Scraped caption text data:
· · ·
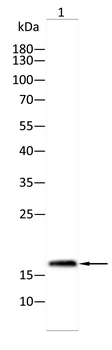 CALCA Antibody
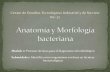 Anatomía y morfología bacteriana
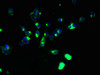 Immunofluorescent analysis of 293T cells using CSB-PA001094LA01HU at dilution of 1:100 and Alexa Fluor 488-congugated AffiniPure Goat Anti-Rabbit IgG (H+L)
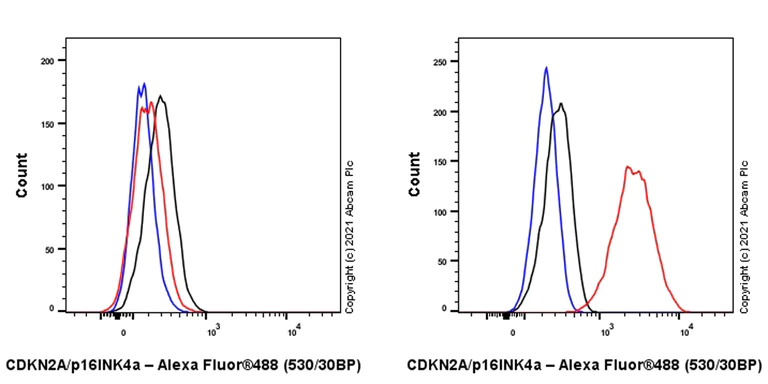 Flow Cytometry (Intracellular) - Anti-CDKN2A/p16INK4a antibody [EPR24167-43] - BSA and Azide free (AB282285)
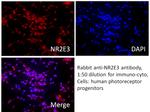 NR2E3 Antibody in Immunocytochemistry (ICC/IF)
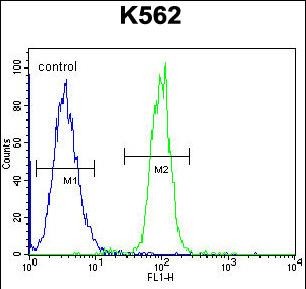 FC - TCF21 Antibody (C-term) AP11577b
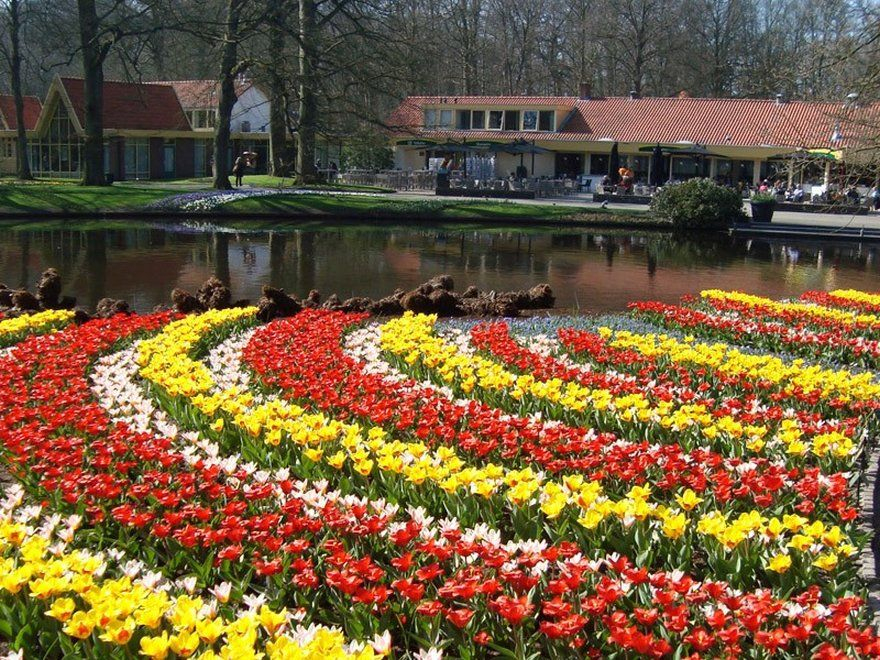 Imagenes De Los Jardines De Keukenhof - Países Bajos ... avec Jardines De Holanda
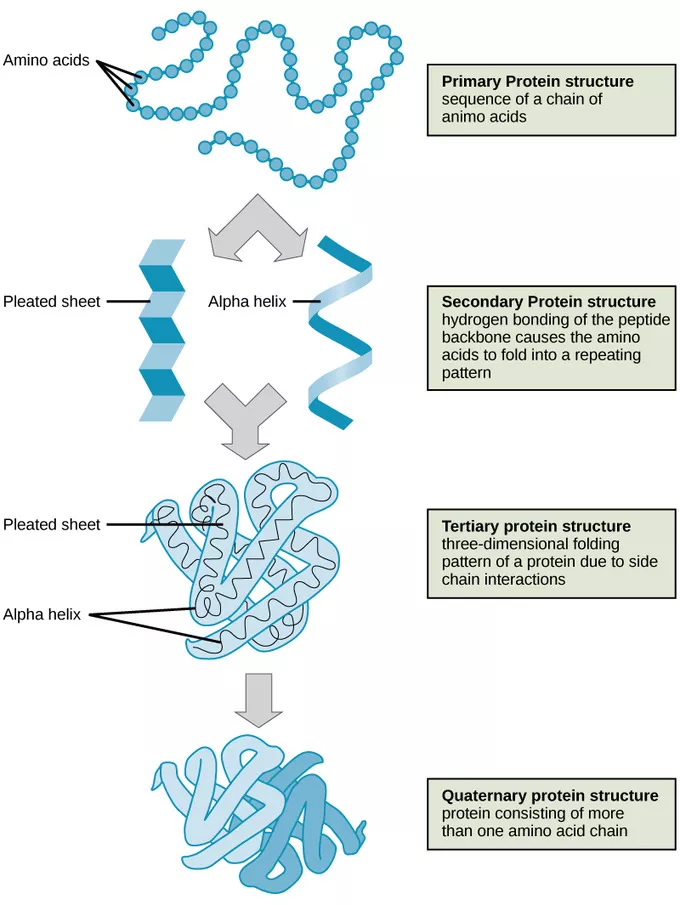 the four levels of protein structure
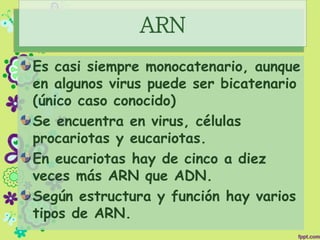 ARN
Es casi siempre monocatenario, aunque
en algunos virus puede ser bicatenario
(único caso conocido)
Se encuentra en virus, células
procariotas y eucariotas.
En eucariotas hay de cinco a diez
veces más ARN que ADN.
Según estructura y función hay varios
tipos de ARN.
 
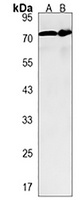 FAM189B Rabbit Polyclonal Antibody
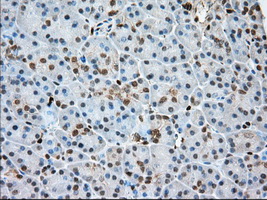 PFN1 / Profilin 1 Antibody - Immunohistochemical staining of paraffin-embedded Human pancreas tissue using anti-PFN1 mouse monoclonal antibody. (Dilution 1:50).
· · ·
**THE TASK**.
Make an exact copy of the data, leaving its pictures out.

**EXPECTED OUTPUT**.
 CALCA Antibody
 Anatomía y morfología bacteriana
 Immunofluorescent analysis of 293T cells using CSB-PA001094LA01HU at dilution of 1:100 and Alexa Fluor 488-congugated AffiniPure Goat Anti-Rabbit IgG (H+L)
 Flow Cytometry (Intracellular) - Anti-CDKN2A/p16INK4a antibody [EPR24167-43] - BSA and Azide free (AB282285)
 NR2E3 Antibody in Immunocytochemistry (ICC/IF)
 FC - TCF21 Antibody (C-term) AP11577b
 Imagenes De Los Jardines De Keukenhof - Países Bajos ... avec Jardines De Holanda
 the four levels of protein structure
 ARN
Es casi siempre monocatenario, aunque
en algunos virus puede ser bicatenario
(único caso conocido)
Se encuentra en virus, células
procariotas y eucariotas.
En eucariotas hay de cinco a diez
veces más ARN que ADN.
Según estructura y función hay varios
tipos de ARN.
 
 FAM189B Rabbit Polyclonal Antibody
 PFN1 / Profilin 1 Antibody - Immunohistochemical staining of paraffin-embedded Human pancreas tissue using anti-PFN1 mouse monoclonal antibody. (Dilution 1:50).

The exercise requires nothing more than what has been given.